» **Activity**: What are the lines from the one containing "Glitter Burgundy Quinceanera" through the last line of the records below? Return them exactly, leaving out pictures.

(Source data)
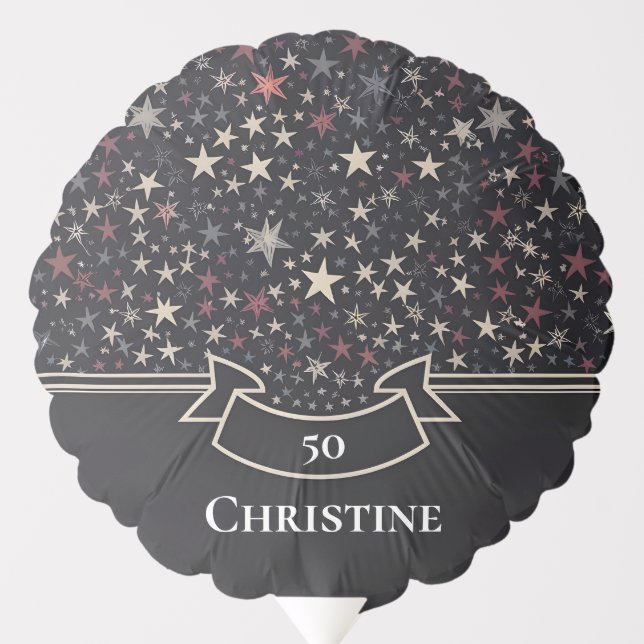 Personalized Starry Night - Custom Name & Age  Balloon (Front)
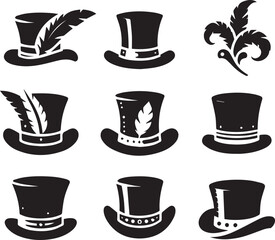 Top hat icon isolated on white background silhouette editable vector
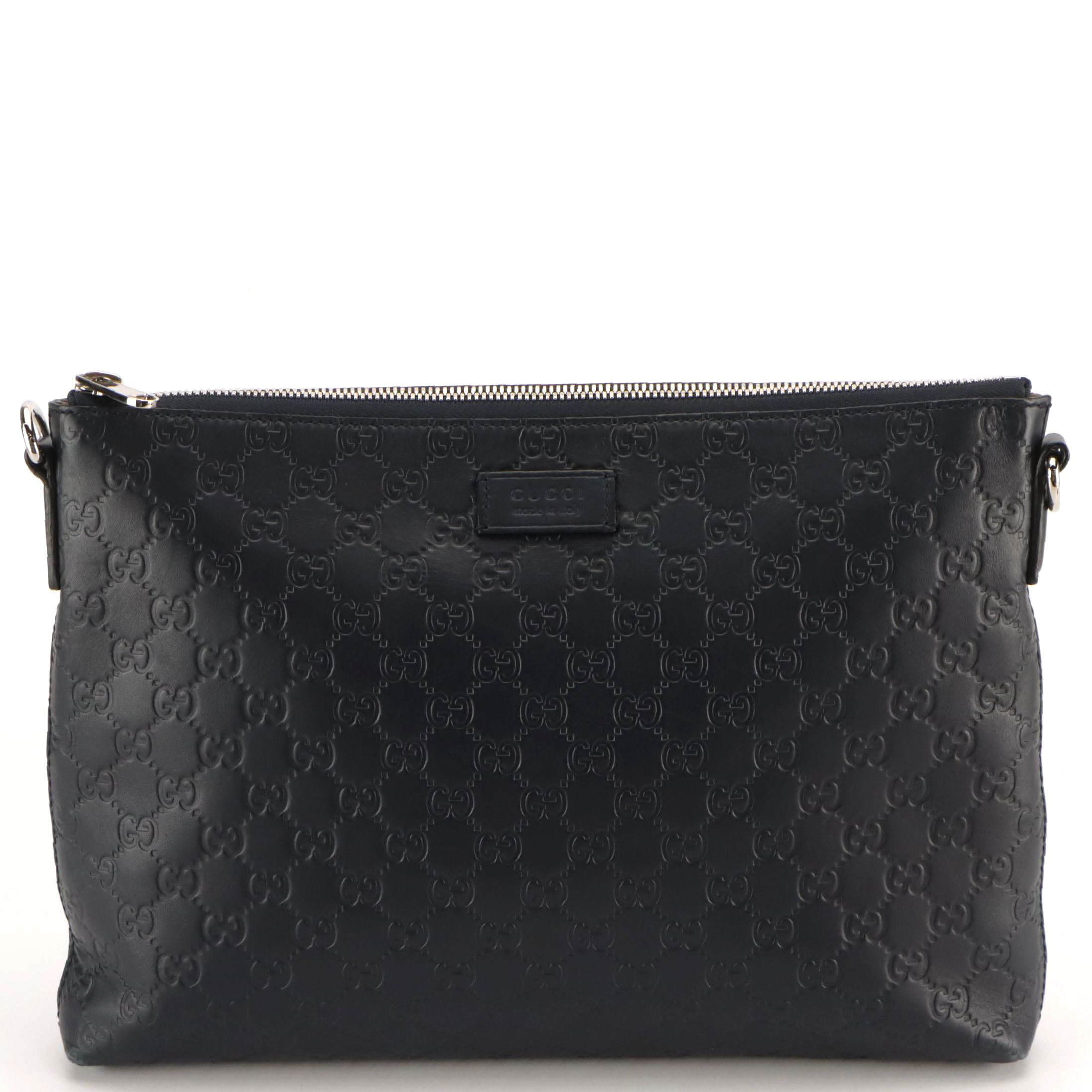Gucci Flat Crossbody Messenger Bag in Navy Blue Guccissima Leather
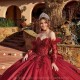 Glitter Burgundy Quinceanera Dress Lace Applique Feather Beading Detachable Sleeve Sweet 16 Vestidos De 15 Anos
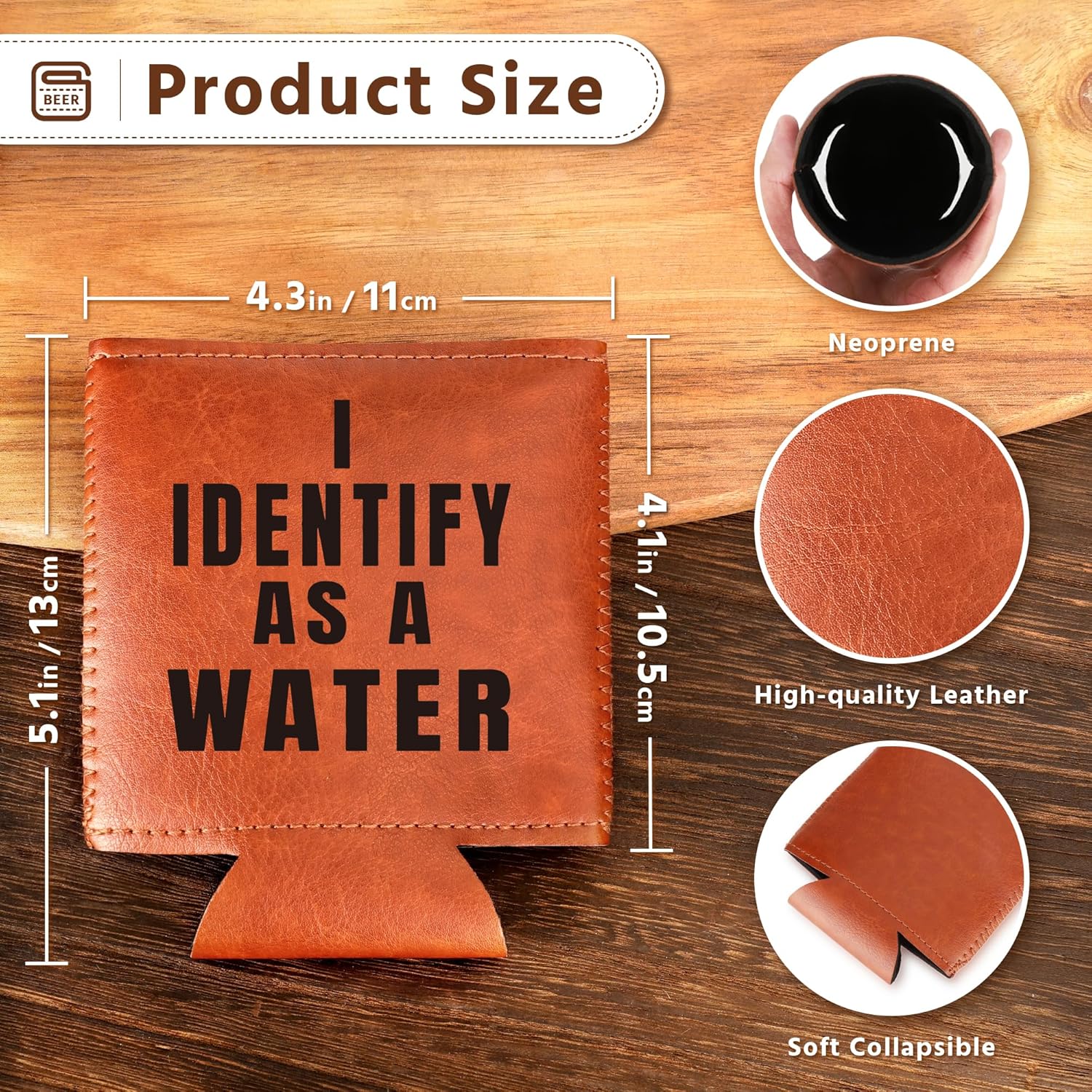 Funny Easter Basket Stuffers for Him Men Boyfriend, Fathers Day Father Gifts for Dad Grandpa Husband Anniversary Birthday, Cool Gag Gifts for Guys Valentines Leather Can Cooler Retirement Gifts 2026 - Image 2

» **Exercise answer**:
 Glitter Burgundy Quinceanera Dress Lace Applique Feather Beading Detachable Sleeve Sweet 16 Vestidos De 15 Anos
 Funny Easter Basket Stuffers for Him Men Boyfriend, Fathers Day Father Gifts for Dad Grandpa Husband Anniversary Birthday, Cool Gag Gifts for Guys Valentines Leather Can Cooler Retirement Gifts 2026 - Image 2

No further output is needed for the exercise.